▶ What you should do: Set every entry down again, unchanged, picture-free.
::: Data for review :::
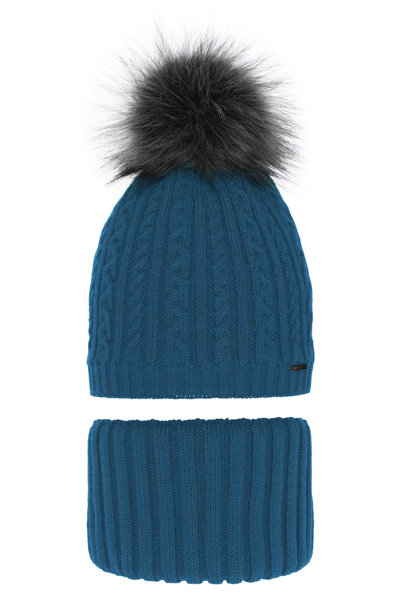Зимний комплект для девочки: шапка-кубанка голубого цвета с помпоном Rima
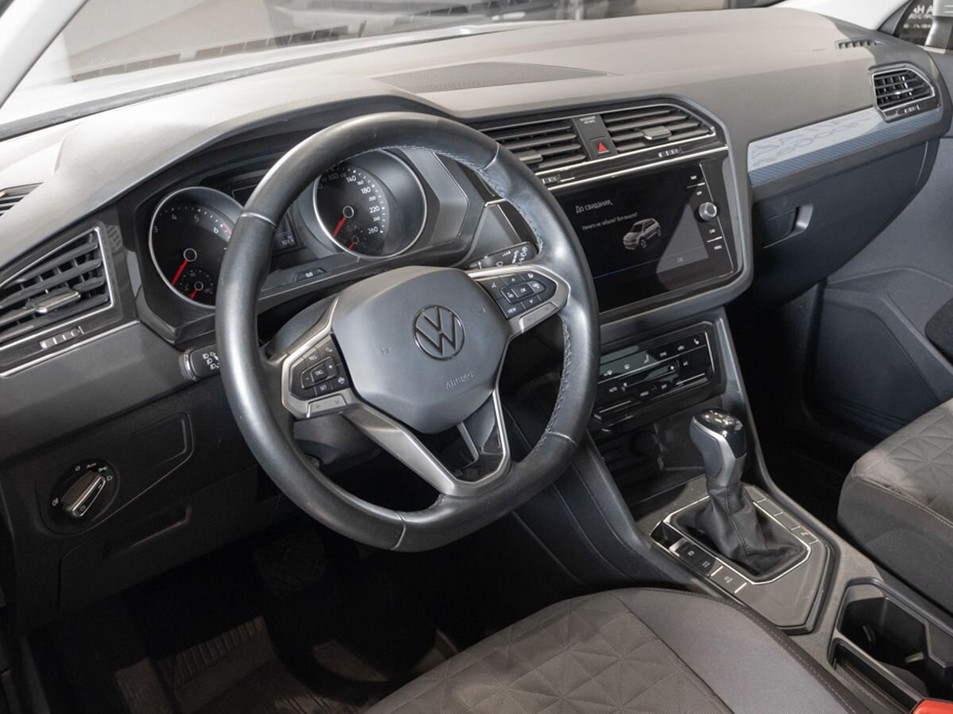 Автомобиль с пробегом Volkswagen Tiguan в городе Казань ДЦ - КАЭ Сибирский тракт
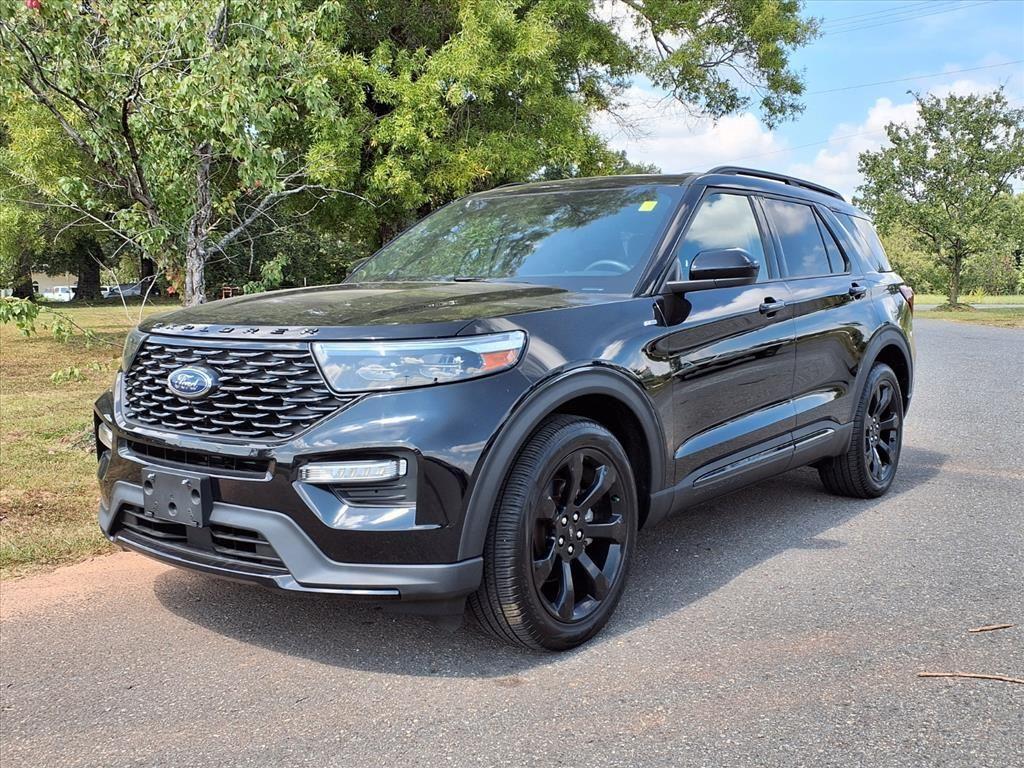 2023 Ford Explorer ST-LINE's photo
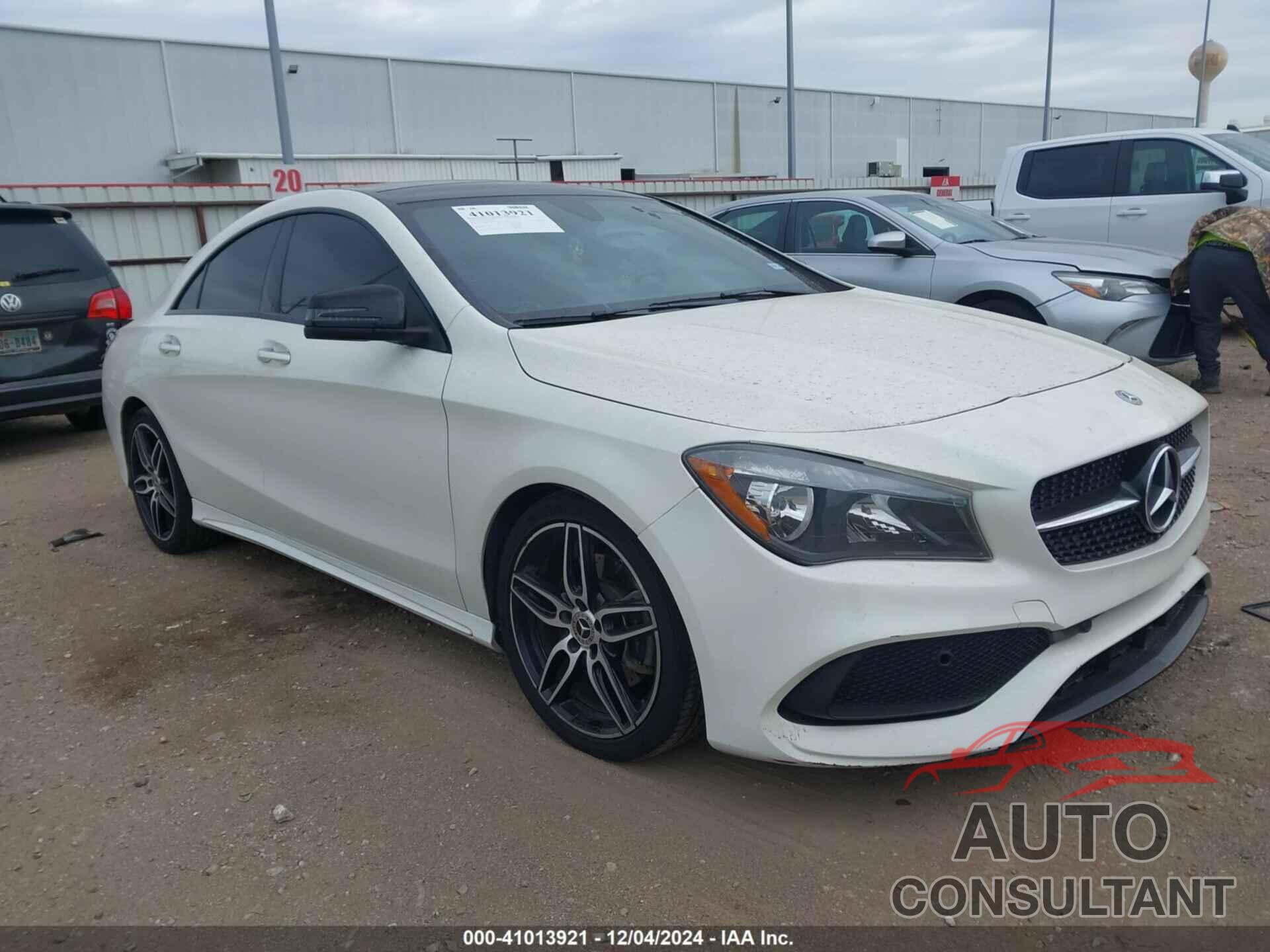 MERCEDES-BENZ CLA 250 2018 - WDDSJ4EB4JN586347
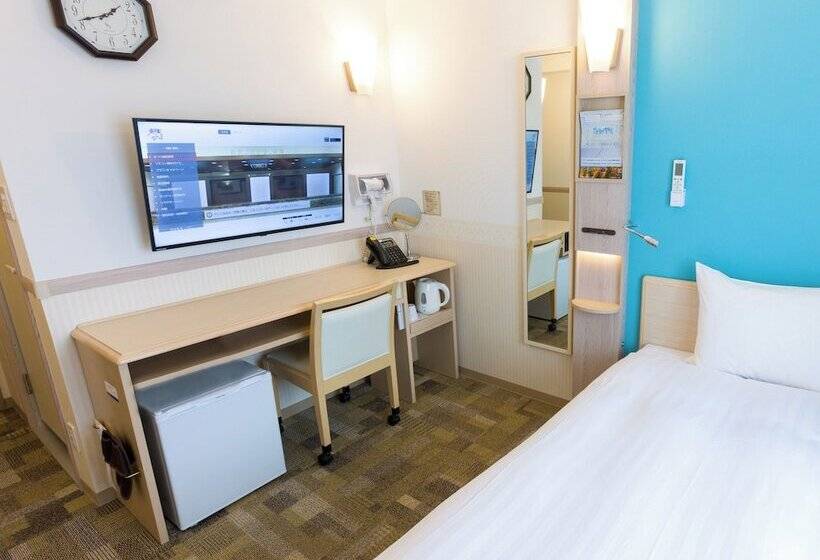 Отель Toyoko Inn Kobe Sannomiya-eki Shiyakusho Mae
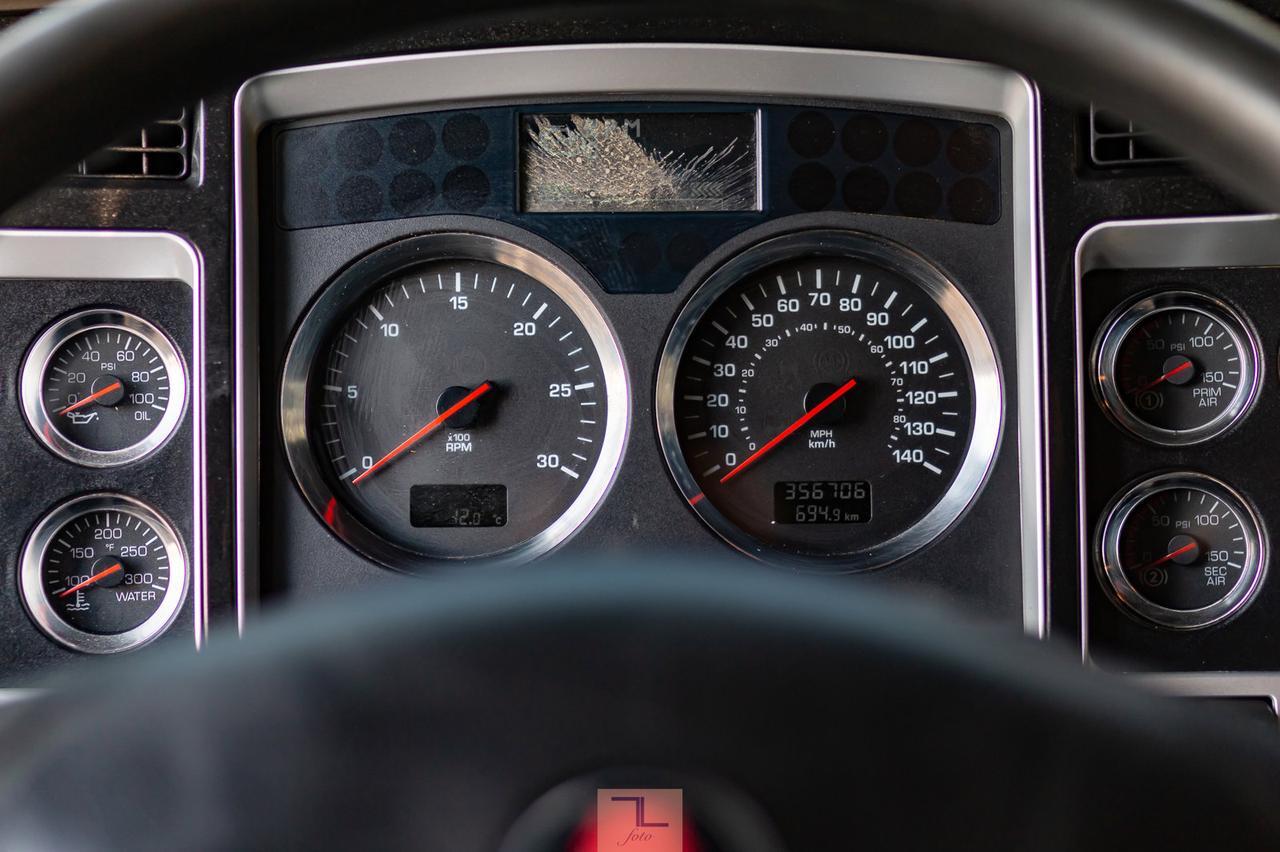 2010 Kenworth T-800 Tractor Sleeper Cab & Chassis Red Deer AB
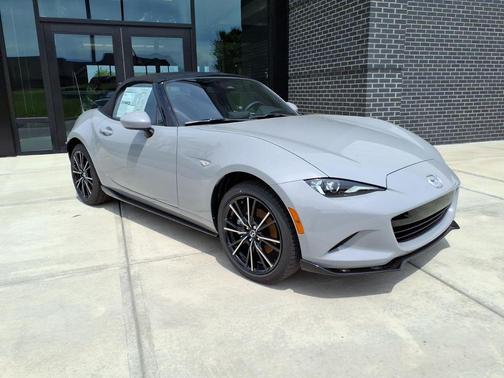 Aero Gray Metallic 2026 Mazda MX-5 Miata Grand Touring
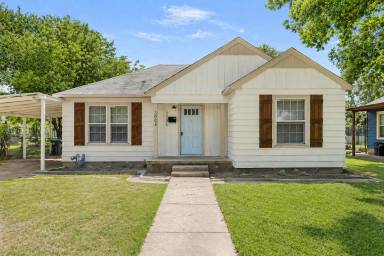 Main picture of 3004 Reuter Ave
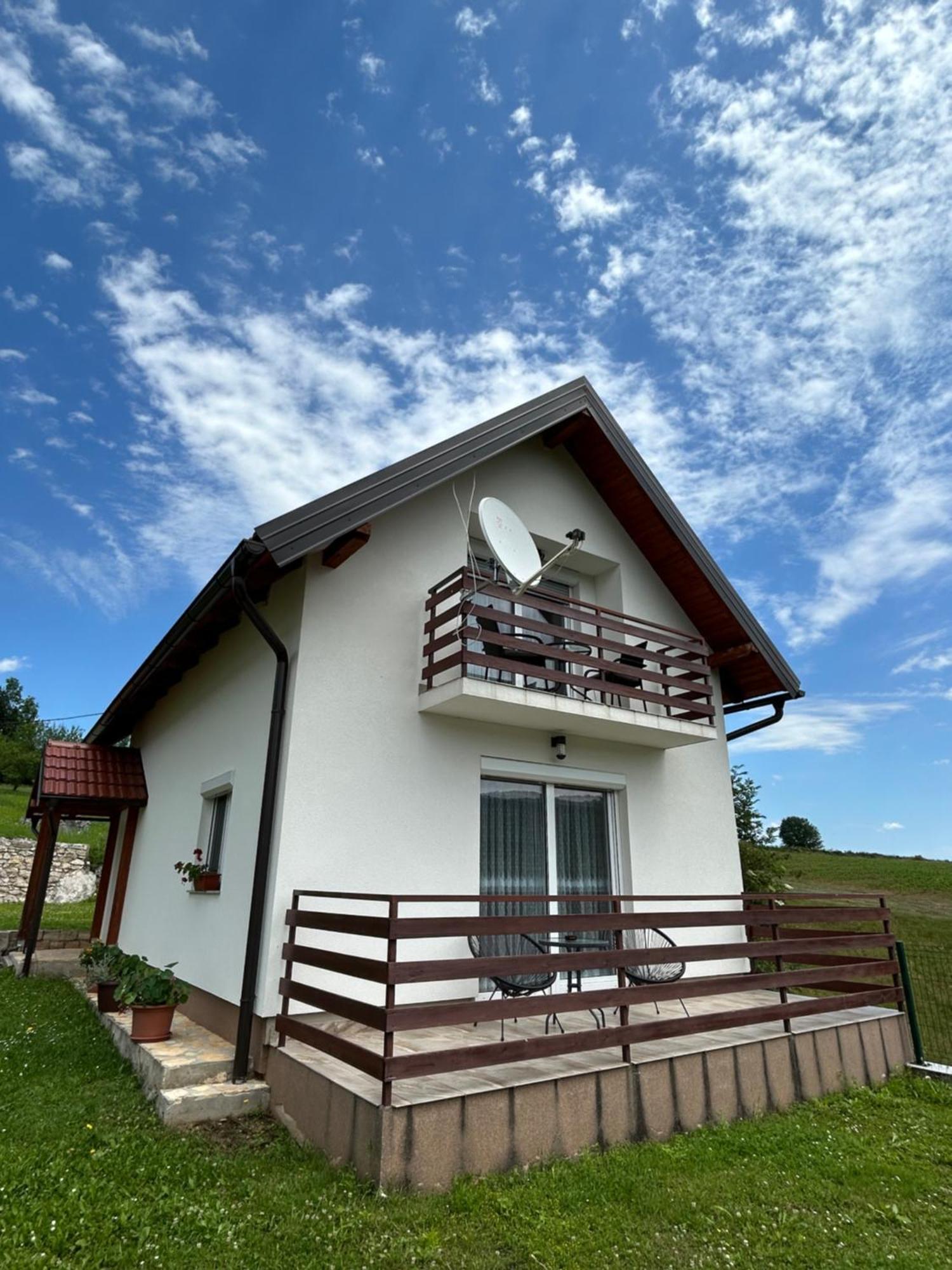 Apartments And Rooms Krizmanic Smoljanac Exterior photo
:::
▶ Response box:
Зимний комплект для девочки: шапка-кубанка голубого цвета с помпоном Rima
 Автомобиль с пробегом Volkswagen Tiguan в городе Казань ДЦ - КАЭ Сибирский тракт
 2023 Ford Explorer ST-LINE's photo
 MERCEDES-BENZ CLA 250 2018 - WDDSJ4EB4JN586347
 Отель Toyoko Inn Kobe Sannomiya-eki Shiyakusho Mae
 2010 Kenworth T-800 Tractor Sleeper Cab & Chassis Red Deer AB
 Aero Gray Metallic 2026 Mazda MX-5 Miata Grand Touring
 Main picture of 3004 Reuter Ave
 Apartments And Rooms Krizmanic Smoljanac Exterior photo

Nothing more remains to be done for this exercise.